* PROVIDED DATA *
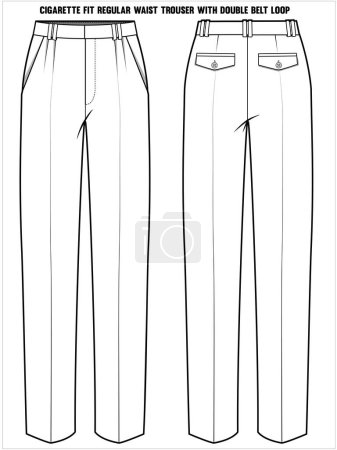 Illustration for Fashion template with pants. vector illustration - Royalty Free Image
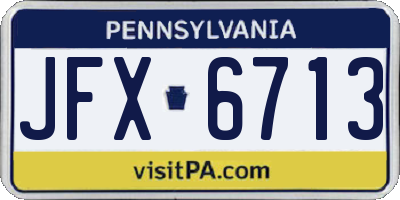 PA license plate JFX6713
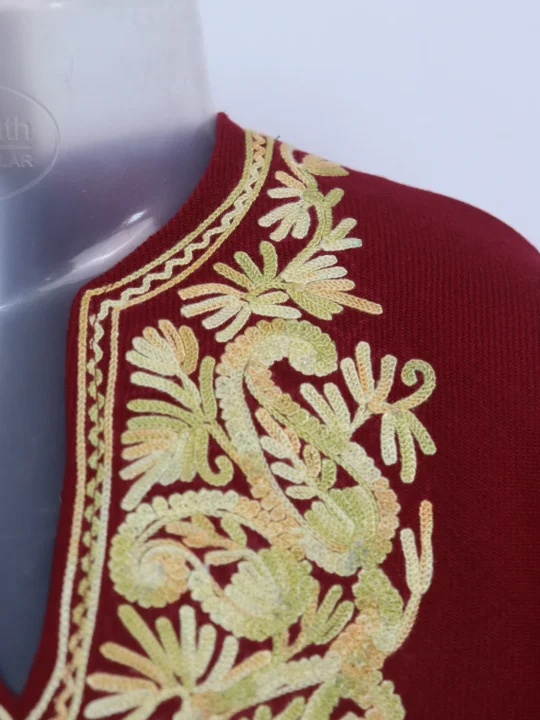 Aari Embroidered Poncho In Kashmiri Cashmilon For Baby Girls | Reema | Maroon - Image 2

* EXERCISE DETAILS *
Could you give the listing again exactly, minus its pictures?

* SOLUTION *
 Illustration for Fashion template with pants. vector illustration - Royalty Free Image
 PA license plate JFX6713
 Aari Embroidered Poncho In Kashmiri Cashmilon For Baby Girls | Reema | Maroon - Image 2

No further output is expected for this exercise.